:: ACTIVITY ::
Exactly as they appear below, repeat the lines from the one with "Jeep avenger hybrid 2024 avariat" through the one with "Used 2016 BMW X5 M image 18", and no others.

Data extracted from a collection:
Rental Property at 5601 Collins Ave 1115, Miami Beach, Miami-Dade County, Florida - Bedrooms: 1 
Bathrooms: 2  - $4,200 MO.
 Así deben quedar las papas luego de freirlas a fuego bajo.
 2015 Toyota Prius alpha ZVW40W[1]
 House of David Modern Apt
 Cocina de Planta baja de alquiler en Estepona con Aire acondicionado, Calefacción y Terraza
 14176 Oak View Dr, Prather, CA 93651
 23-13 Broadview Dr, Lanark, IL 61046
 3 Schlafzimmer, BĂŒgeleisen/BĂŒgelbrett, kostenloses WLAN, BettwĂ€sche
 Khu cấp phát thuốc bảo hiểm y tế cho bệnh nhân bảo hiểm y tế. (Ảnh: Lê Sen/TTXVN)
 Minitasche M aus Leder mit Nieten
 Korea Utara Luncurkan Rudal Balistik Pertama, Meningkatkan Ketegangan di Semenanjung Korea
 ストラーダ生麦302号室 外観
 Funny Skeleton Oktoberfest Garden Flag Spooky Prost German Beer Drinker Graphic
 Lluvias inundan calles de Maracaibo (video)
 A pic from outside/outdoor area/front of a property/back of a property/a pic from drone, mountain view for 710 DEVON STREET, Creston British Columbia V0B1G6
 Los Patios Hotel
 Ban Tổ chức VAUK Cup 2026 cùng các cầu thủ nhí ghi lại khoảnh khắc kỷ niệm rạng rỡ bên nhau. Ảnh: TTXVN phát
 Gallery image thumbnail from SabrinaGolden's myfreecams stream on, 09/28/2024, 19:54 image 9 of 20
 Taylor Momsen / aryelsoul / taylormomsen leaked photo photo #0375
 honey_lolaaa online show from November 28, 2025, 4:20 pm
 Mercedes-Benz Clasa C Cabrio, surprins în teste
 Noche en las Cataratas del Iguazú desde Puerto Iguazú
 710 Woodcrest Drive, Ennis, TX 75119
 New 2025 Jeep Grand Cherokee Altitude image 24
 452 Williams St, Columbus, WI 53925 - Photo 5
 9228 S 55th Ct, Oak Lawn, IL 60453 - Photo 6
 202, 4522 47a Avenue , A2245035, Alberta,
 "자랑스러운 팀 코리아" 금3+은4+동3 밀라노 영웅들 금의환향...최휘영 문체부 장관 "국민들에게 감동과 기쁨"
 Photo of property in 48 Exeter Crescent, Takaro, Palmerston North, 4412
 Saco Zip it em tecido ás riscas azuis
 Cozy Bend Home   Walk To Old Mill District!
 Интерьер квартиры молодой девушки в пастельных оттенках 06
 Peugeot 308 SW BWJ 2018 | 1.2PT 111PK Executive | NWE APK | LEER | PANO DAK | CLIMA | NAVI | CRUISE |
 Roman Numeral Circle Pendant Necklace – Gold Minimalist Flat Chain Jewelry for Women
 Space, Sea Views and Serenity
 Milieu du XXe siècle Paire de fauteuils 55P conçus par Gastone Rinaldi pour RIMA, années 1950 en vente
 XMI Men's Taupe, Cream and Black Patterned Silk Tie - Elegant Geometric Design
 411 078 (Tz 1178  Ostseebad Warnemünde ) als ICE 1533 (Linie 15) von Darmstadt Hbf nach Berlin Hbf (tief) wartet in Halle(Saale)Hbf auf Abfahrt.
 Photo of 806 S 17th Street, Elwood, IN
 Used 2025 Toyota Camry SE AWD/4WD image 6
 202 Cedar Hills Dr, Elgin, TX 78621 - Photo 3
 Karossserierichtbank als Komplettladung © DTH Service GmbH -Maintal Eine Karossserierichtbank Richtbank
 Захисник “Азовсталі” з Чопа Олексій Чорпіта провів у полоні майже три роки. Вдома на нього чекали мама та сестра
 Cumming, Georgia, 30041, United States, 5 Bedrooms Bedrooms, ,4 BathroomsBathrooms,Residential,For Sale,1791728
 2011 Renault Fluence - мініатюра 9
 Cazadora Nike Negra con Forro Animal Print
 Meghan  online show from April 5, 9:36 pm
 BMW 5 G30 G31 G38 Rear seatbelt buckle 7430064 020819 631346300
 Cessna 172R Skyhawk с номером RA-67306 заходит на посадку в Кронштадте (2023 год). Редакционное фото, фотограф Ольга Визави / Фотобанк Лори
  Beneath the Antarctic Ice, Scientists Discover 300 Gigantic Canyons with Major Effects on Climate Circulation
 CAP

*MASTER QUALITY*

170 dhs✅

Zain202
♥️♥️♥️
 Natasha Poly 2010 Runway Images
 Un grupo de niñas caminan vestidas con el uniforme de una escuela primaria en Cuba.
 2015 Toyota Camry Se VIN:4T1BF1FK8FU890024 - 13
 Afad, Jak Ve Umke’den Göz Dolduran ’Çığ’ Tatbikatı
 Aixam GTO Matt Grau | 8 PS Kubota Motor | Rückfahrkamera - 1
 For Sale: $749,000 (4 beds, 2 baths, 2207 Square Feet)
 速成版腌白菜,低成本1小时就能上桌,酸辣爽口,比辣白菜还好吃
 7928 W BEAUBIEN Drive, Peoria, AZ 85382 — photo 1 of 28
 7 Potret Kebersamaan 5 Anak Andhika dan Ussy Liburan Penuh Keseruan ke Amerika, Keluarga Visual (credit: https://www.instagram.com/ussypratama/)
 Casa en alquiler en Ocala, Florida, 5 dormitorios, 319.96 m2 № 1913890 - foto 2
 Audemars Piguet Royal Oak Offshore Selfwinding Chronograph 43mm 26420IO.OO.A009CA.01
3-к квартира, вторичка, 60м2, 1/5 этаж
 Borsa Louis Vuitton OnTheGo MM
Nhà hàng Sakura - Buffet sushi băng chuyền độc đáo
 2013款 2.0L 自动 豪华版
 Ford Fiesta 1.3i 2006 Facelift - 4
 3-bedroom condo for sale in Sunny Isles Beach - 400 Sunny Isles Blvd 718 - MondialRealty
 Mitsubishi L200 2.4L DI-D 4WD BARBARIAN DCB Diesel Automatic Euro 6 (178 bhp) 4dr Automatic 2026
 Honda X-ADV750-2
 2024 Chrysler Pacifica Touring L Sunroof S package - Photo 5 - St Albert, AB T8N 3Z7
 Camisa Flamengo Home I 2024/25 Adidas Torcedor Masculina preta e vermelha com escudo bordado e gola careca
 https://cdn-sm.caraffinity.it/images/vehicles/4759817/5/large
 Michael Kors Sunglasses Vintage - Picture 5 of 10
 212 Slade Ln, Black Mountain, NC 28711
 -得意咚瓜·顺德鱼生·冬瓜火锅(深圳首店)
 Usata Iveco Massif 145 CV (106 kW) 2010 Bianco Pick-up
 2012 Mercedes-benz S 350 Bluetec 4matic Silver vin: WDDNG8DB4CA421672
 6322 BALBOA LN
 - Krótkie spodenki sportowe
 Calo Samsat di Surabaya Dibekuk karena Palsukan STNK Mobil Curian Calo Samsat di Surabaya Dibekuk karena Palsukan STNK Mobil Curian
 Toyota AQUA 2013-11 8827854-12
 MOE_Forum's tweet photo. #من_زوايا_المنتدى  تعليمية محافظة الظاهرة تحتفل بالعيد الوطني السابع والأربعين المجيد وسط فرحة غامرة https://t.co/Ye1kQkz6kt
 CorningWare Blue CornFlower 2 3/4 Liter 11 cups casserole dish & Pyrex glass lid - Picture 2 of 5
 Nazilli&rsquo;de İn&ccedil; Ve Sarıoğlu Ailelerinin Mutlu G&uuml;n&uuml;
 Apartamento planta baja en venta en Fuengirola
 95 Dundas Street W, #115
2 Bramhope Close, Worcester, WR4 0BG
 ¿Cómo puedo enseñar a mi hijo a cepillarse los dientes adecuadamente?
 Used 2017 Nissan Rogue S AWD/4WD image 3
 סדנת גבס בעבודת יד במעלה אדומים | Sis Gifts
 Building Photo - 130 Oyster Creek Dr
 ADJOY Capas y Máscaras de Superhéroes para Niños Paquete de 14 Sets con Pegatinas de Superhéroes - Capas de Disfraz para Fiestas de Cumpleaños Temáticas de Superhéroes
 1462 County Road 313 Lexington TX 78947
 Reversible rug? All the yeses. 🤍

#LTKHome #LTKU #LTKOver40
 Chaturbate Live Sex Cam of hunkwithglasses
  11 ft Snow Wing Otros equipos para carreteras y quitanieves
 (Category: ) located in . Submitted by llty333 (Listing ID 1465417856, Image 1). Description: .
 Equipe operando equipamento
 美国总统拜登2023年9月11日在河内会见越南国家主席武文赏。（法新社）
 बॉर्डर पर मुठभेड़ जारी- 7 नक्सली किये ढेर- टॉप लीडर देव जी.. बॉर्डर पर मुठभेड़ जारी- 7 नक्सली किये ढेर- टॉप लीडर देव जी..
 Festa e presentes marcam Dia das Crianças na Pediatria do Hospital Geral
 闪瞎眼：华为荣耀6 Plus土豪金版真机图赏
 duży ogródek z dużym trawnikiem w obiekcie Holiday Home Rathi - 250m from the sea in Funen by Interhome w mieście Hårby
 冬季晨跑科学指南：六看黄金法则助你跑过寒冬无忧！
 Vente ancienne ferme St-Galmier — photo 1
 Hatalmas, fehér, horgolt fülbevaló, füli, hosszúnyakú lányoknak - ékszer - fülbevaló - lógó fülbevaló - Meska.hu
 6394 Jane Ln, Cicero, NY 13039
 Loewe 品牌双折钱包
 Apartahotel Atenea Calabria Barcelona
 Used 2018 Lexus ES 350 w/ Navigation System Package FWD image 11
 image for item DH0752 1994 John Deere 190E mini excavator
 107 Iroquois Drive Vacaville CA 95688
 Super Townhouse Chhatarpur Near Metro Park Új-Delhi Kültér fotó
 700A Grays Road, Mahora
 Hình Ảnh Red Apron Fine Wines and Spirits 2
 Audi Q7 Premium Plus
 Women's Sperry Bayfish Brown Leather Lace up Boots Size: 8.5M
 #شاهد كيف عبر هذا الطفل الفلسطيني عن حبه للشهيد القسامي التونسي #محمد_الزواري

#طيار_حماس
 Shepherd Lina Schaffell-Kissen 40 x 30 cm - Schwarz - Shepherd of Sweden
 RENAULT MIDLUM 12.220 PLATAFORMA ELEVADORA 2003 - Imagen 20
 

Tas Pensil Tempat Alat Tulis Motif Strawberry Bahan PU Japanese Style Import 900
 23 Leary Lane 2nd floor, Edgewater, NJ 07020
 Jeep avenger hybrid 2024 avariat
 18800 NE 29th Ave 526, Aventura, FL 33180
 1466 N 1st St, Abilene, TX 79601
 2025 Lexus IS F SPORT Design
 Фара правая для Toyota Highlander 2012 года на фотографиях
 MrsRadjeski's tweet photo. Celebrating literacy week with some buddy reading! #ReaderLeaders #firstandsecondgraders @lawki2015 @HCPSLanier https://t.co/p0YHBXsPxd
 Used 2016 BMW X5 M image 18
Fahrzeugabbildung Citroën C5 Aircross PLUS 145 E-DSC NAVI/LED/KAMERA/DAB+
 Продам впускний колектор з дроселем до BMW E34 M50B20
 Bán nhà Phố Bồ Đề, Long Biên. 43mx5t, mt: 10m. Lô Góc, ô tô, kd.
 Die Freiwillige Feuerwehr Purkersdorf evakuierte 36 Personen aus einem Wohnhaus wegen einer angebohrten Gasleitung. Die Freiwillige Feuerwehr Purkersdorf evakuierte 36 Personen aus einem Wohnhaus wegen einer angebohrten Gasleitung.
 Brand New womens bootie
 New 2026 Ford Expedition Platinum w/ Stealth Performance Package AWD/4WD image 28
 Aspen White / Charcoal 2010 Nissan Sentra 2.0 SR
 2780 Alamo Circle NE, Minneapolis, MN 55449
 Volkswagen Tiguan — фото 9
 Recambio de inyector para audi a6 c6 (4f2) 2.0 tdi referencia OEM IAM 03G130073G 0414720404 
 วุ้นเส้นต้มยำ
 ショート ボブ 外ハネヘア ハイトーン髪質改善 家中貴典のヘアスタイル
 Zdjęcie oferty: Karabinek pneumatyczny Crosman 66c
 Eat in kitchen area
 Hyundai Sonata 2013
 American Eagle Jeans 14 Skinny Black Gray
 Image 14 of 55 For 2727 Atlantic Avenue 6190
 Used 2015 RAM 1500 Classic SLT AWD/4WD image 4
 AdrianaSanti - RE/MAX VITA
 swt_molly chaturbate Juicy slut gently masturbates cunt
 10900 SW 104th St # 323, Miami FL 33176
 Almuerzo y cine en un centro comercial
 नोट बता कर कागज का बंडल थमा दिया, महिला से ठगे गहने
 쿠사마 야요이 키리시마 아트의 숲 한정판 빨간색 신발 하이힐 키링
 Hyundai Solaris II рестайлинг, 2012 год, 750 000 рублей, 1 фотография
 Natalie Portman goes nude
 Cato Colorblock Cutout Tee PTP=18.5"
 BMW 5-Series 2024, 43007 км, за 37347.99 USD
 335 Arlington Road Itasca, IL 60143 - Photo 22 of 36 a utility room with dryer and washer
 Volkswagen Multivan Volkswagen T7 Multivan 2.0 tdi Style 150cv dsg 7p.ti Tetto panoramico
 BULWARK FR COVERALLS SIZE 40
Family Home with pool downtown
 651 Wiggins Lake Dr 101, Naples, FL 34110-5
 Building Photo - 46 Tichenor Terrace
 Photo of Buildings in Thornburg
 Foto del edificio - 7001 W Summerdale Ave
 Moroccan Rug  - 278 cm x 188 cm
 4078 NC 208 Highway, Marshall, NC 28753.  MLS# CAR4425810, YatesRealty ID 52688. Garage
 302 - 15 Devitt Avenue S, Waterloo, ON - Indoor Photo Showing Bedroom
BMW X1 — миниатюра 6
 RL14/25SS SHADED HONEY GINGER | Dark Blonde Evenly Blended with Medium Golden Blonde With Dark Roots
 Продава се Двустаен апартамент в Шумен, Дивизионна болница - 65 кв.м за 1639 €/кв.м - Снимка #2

:: RESPONSE ::
 Jeep avenger hybrid 2024 avariat
 18800 NE 29th Ave 526, Aventura, FL 33180
 1466 N 1st St, Abilene, TX 79601
 2025 Lexus IS F SPORT Design
 Фара правая для Toyota Highlander 2012 года на фотографиях
 MrsRadjeski's tweet photo. Celebrating literacy week with some buddy reading! #ReaderLeaders #firstandsecondgraders @lawki2015 @HCPSLanier https://t.co/p0YHBXsPxd
 Used 2016 BMW X5 M image 18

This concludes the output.